> _MATERIAL FOR THIS TASK_
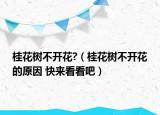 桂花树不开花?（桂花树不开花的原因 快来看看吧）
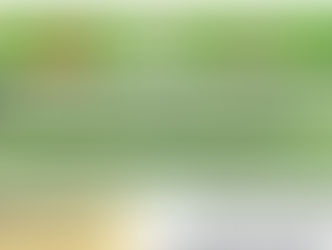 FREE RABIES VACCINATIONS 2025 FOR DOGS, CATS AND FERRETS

==

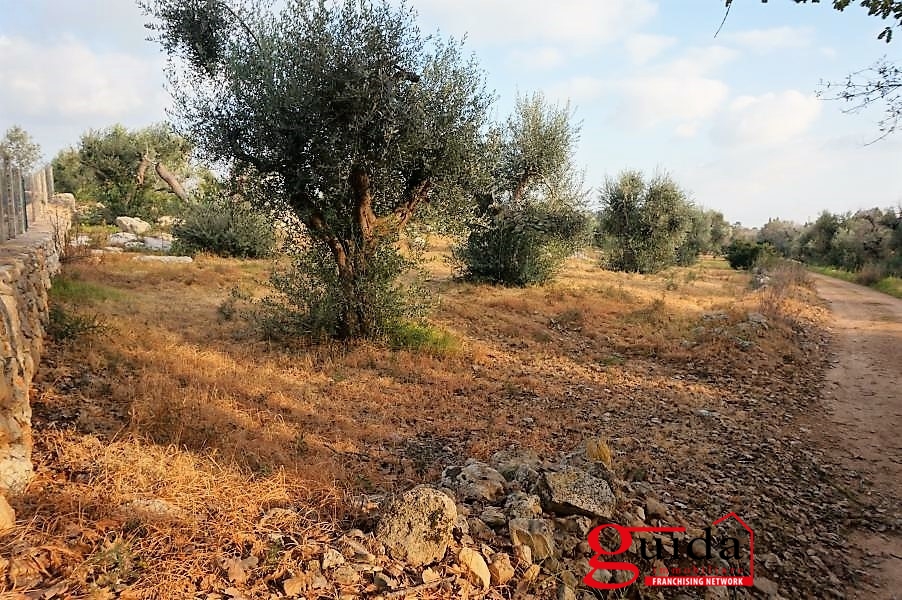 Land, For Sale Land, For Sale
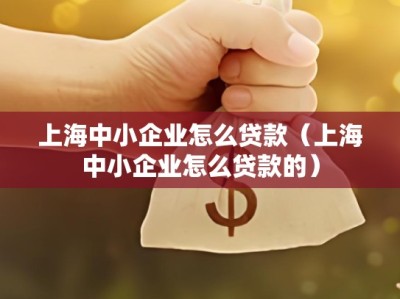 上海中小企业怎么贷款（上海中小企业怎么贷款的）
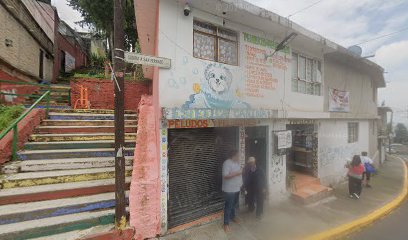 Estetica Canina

> _WHAT IS REQUIRED_
Although pictures appear among the records above, none are to be output; print exactly the lines from the line containing "桂花树不开花?（桂花树不开花的原因 快来看看吧）" through the line containing "FREE RABIES VACCINATIONS".

> _COMPLETED TASK_
 桂花树不开花?（桂花树不开花的原因 快来看看吧）
 FREE RABIES VACCINATIONS 2025 FOR DOGS, CATS AND FERRETS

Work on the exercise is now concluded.